Sacramento officials spent their time and squandered taxpayer money on such dreams, while neglecting the nitty-gritty of municipal government -- a negligence that shows throughout city neighborhoods.
The response to the column was overwhelmingly positive, from people who understood that Sacramento is a perfectly nice place to live, but that keeping a sports team in town will never help it become a destination city.
Residents, apparently, are savvier than their leaders. “If the Maloofs had wanted to embarrass Sacramento on a national stage, they brilliantly succeeded with the televised Manhattan press conference they orchestrated Friday,” the Bee editorialized Saturday. “But along with anger, Sacramento should show a little humility. We’ve seen this switcheroo from the Maloofs before. As the idiom goes, ‘Fool me once, shame on you. Fool me twice, shame on me.’”
Yet Sacramento civic boosters will continue to be played as fools until they realize that the Kings are no more important to the local psyche than any other business franchise. Sacramento, a government town where state workers flee the city center at 4:30 p.m. every day, has myriad obstacles to the creation of a vibrant downtown nightlife scene. Blocks from the planned arena, the main shopping plaza is practically a ghost town.
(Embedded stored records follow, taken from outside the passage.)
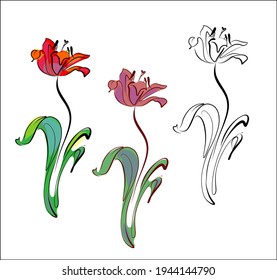 Vector handmade fashion digital floral spring sketch with beautiful tulip for design florist logo 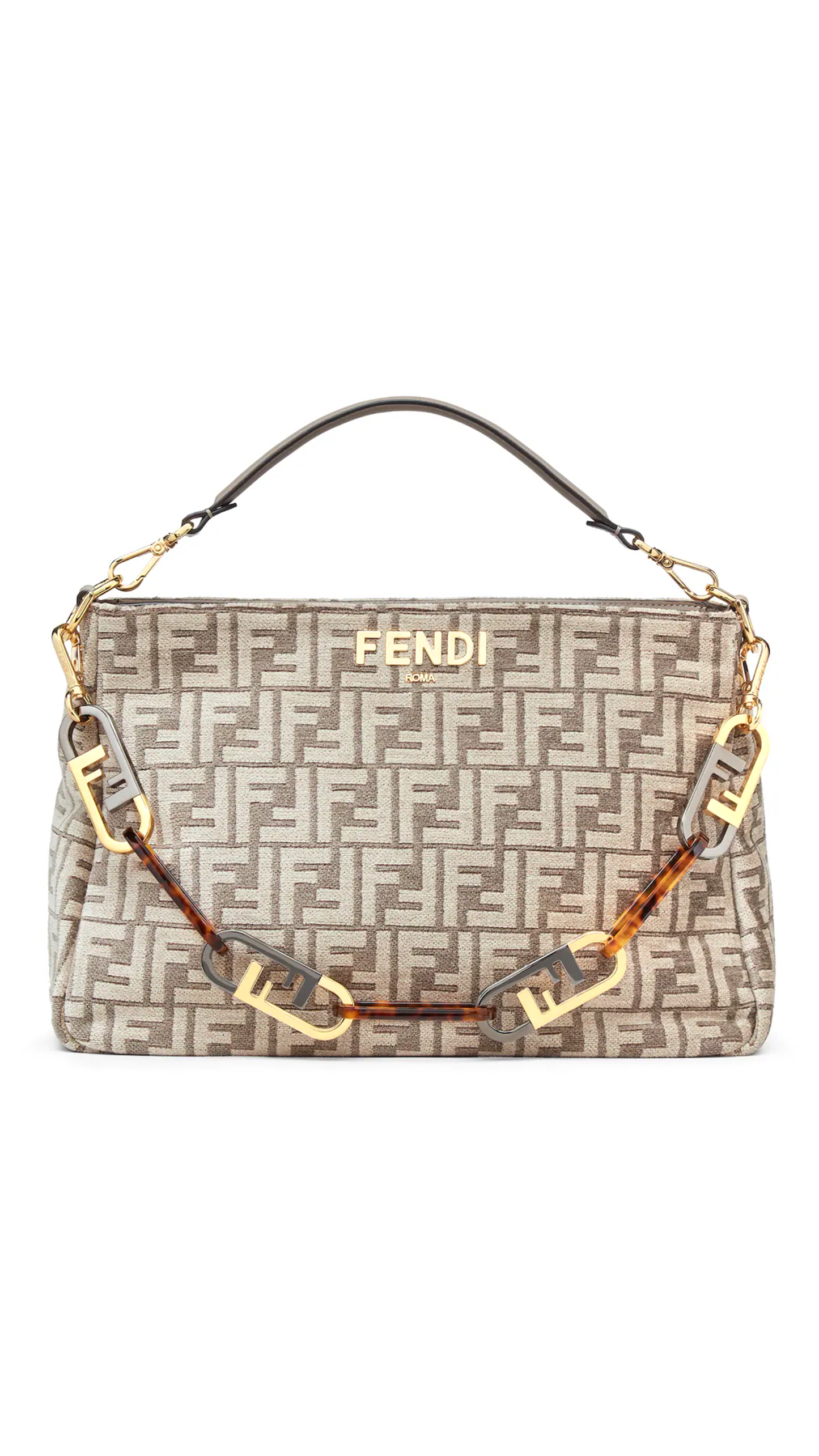 Fendi O’Lock Zipper Bag - Dove Grey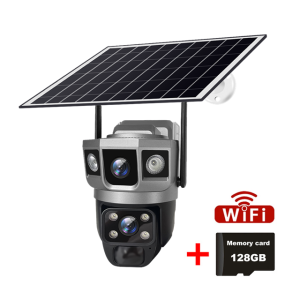Dual Lens 3 Screens WIFI Solar Camera 12MP 10X Zoom CCTV Outdoor Auto Tracking Humanoid Detection PTZ IP66 Cam
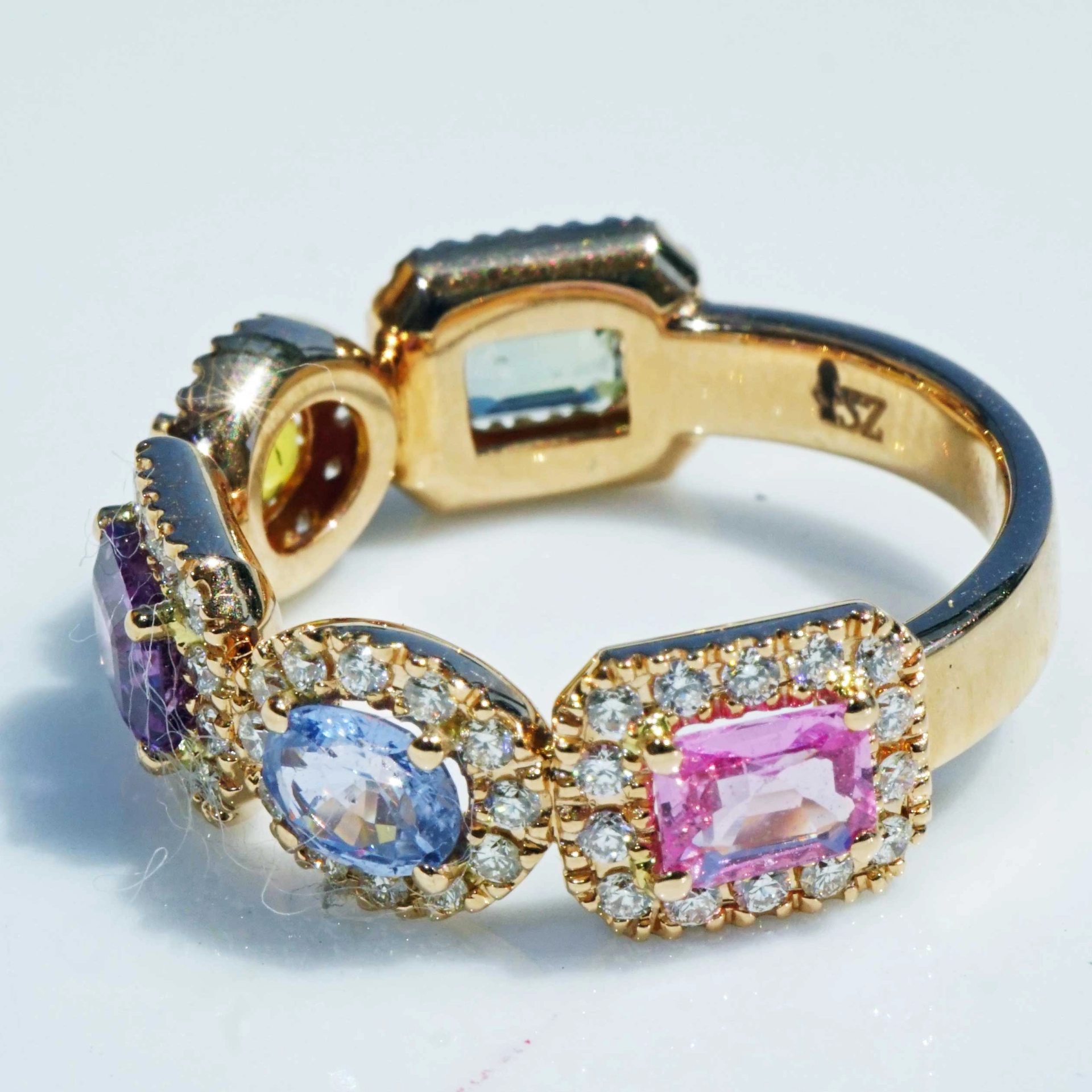 Multi Farben Saphir Brillant Ring made in Italy grandiose Farben 2.34 ct 0.55 ct 750er Rosegold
Despite decades of subsidies, the main drag through downtown, the K Street corridor, is known mostly for vacant storefronts and vagrants. An arena won’t fix these problems. Last week, the California Redevelopment Association -- the group that had championed a subsidy-driven economic development model throughout the state -- announced it would be shutting its doors after those agencies were shut down by the Legislature and governor.
Yet in the same week its former leader, John Shirey, now Sacramento city manager, criticized the Maloofs’ economic analysis. Maybe the redevelopment administration’s shuttering is a reminder that it’s time for cities to embrace economic-revitalization models based more on market incentives than on City Hall subsidies and directives.
Officials in California’s first-tier coastal metropolises need to learn these lessons, too. Los Angeles civic leaders are pushing a downtown stadium proposal despite the obvious traffic issues, while a competing group is offering a plan on the eastern edge of the San Gabriel Valley.
In San Diego, officials continue to promote an atrocious taxpayer-funded stadium deal to keep its football team, the Chargers, from heading to Los Angeles or elsewhere, but they don’t seem to be getting much traction either.
Perhaps city officials everywhere will always be lured by the promises of big-league sports franchises. In that case, public skepticism is the best way to keep taxpayer dollars safe.
(Steven Greenhut is vice president of journalism at the Franklin Center for Government and Public Integrity. He is based in Sacramento, California. The opinions expressed are his own.)